* Work instruction
Would you retype, word for word, only the lines from the one holding "Sideboard Cabinet - Grooved" through the final line of the entries below, without the pictures?

Pictures with short captions
━━━━━━━━

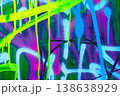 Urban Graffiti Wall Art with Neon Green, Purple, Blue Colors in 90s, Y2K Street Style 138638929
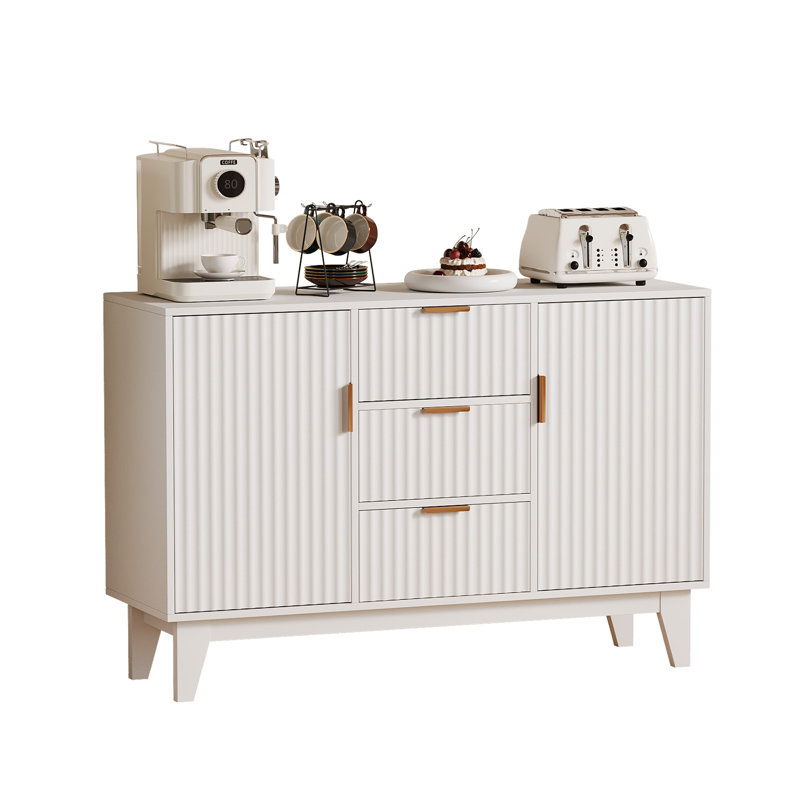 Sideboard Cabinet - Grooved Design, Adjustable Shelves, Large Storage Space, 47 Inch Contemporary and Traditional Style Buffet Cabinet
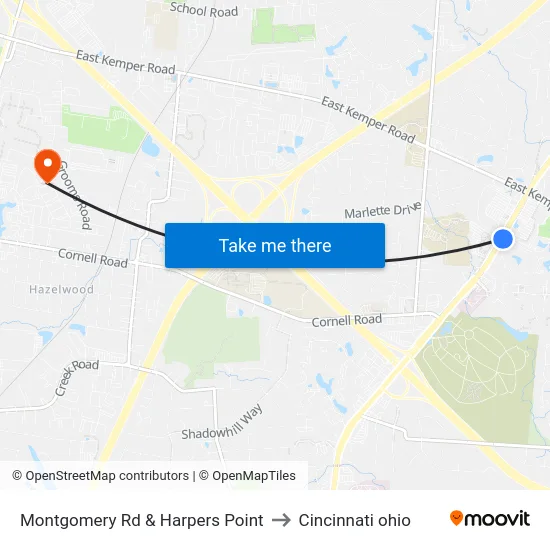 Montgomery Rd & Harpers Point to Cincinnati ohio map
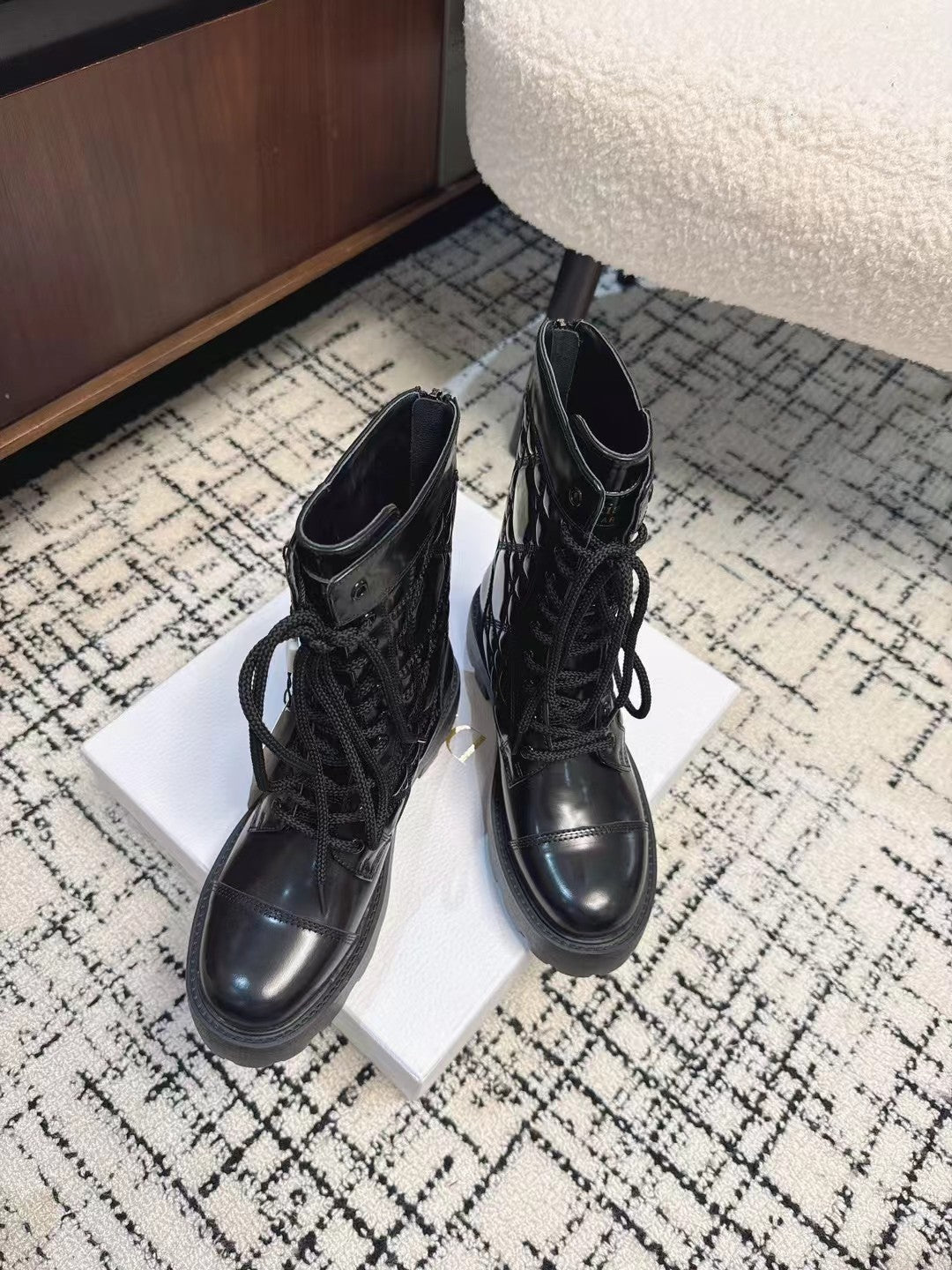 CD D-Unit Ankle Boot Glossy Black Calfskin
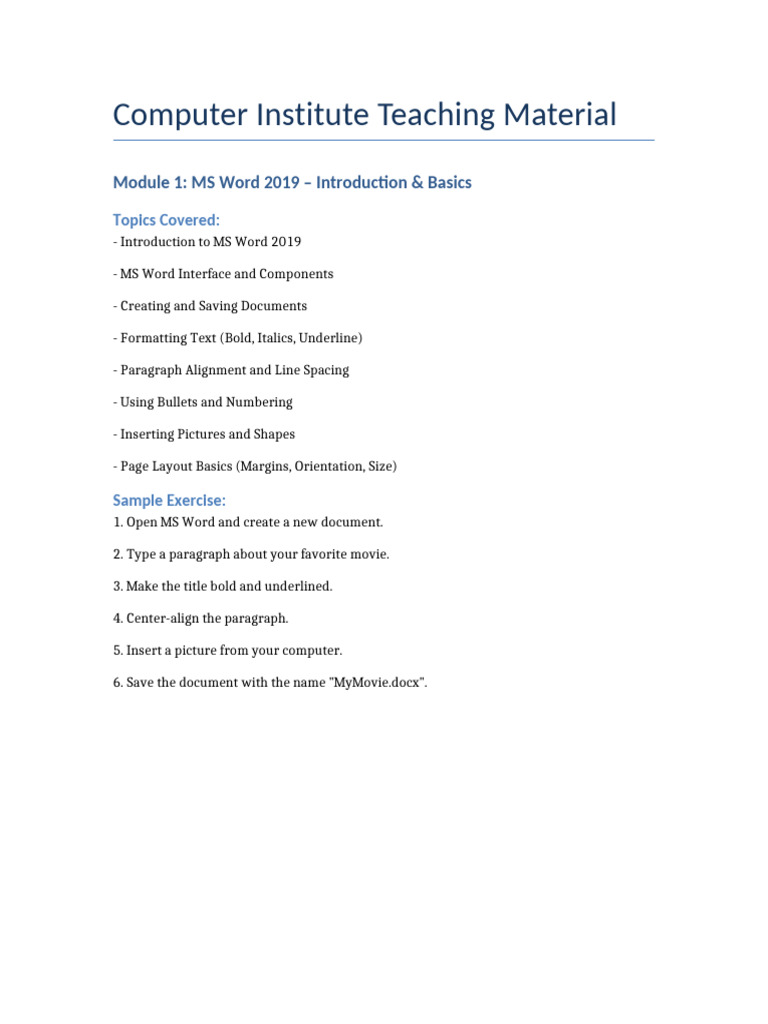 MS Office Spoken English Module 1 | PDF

━━━━━━━━

* The completed task
 Sideboard Cabinet - Grooved Design, Adjustable Shelves, Large Storage Space, 47 Inch Contemporary and Traditional Style Buffet Cabinet
 Montgomery Rd & Harpers Point to Cincinnati ohio map
 CD D-Unit Ankle Boot Glossy Black Calfskin
 MS Office Spoken English Module 1 | PDF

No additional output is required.